■ INPUT RECORDS ■
=== Section Start ===
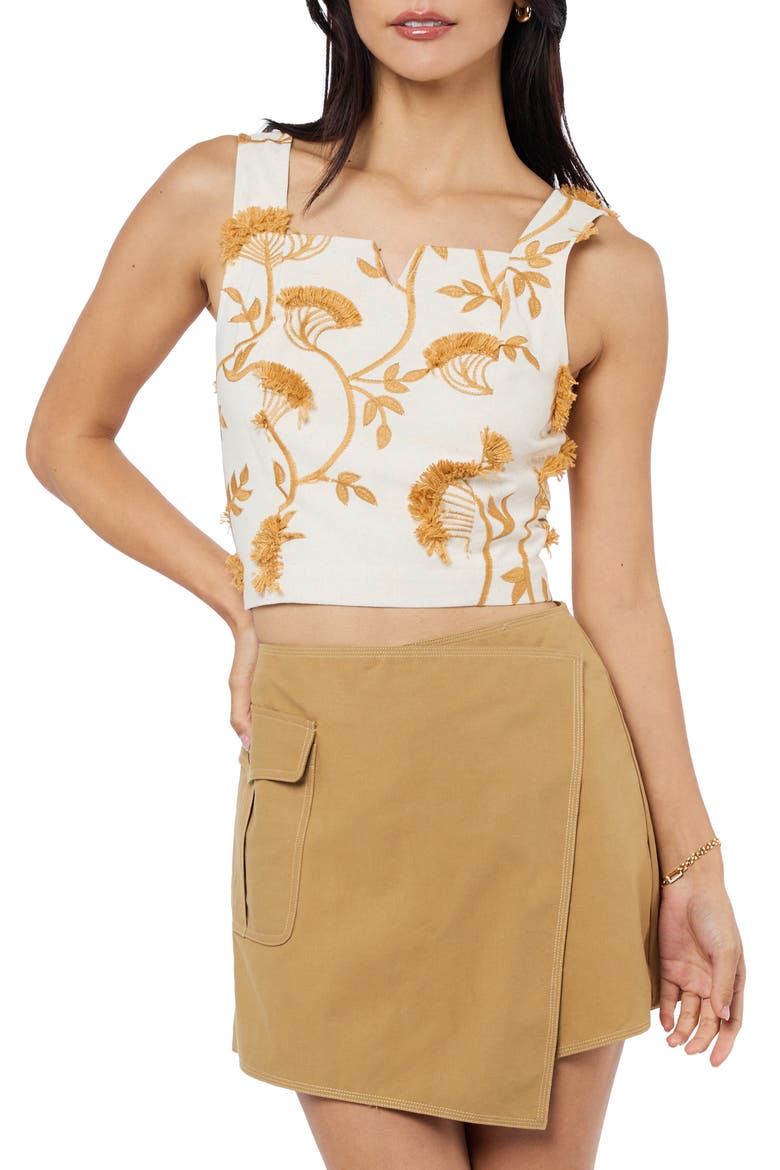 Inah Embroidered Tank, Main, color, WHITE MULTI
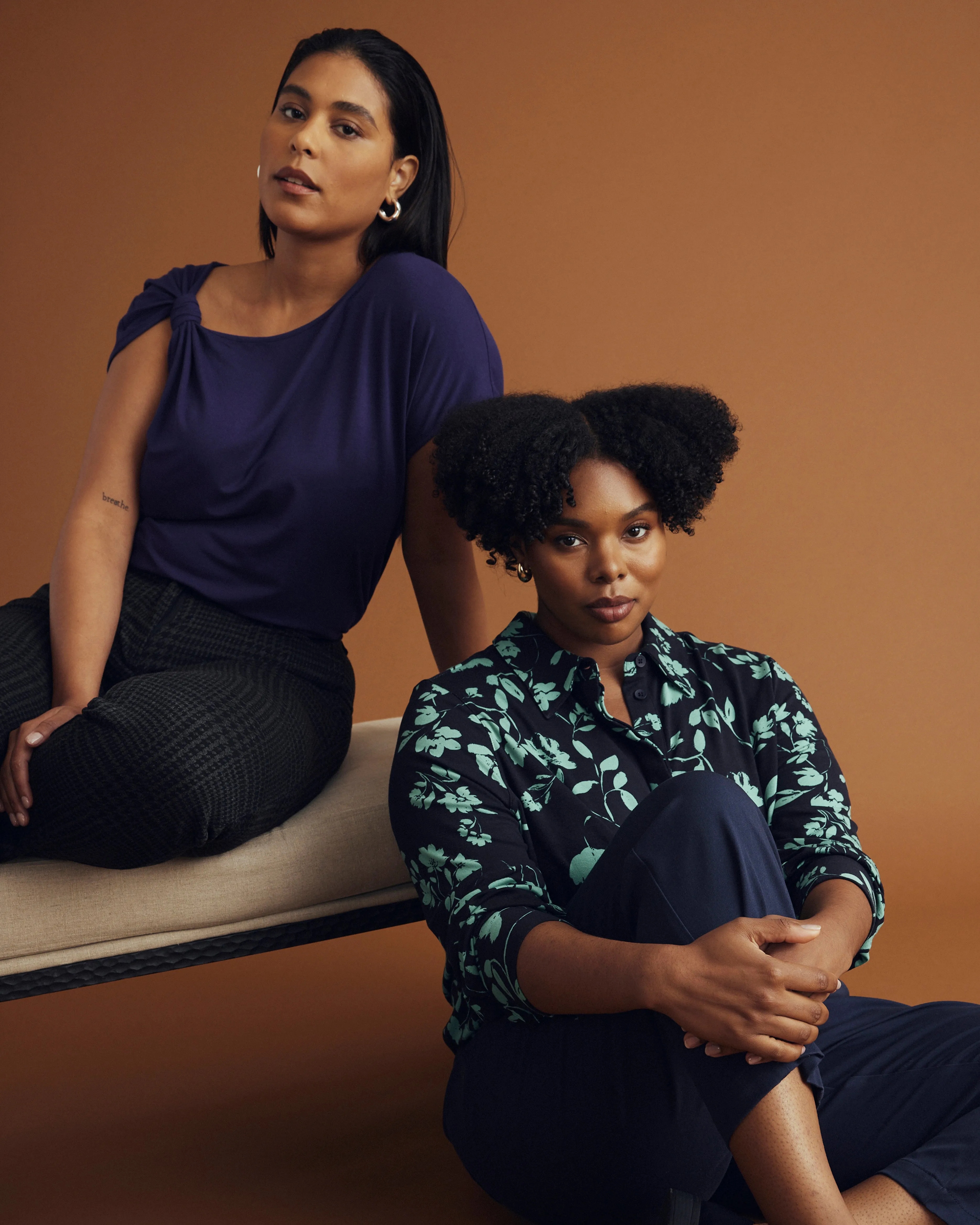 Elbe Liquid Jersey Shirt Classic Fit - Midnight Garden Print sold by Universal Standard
=== Section End ===
=== Section Start ===
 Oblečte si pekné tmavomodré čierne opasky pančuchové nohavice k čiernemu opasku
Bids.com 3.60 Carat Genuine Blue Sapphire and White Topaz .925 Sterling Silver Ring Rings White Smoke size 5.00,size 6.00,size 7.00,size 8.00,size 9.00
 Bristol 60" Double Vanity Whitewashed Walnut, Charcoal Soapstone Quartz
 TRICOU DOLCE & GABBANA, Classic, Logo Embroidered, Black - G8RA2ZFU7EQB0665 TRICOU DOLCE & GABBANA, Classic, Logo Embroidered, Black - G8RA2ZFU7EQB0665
=== Section End ===
■ TASK BRIEF ■
In the listing above, find the line with "Charcoal Soapstone Quartz" and the line with "- G8RA2ZFU7EQB0665 TRICOU", then print exactly those lines and every line between them.

■ COMPLETED EXERCISE ■
 Bristol 60" Double Vanity Whitewashed Walnut, Charcoal Soapstone Quartz
 TRICOU DOLCE & GABBANA, Classic, Logo Embroidered, Black - G8RA2ZFU7EQB0665 TRICOU DOLCE & GABBANA, Classic, Logo Embroidered, Black - G8RA2ZFU7EQB0665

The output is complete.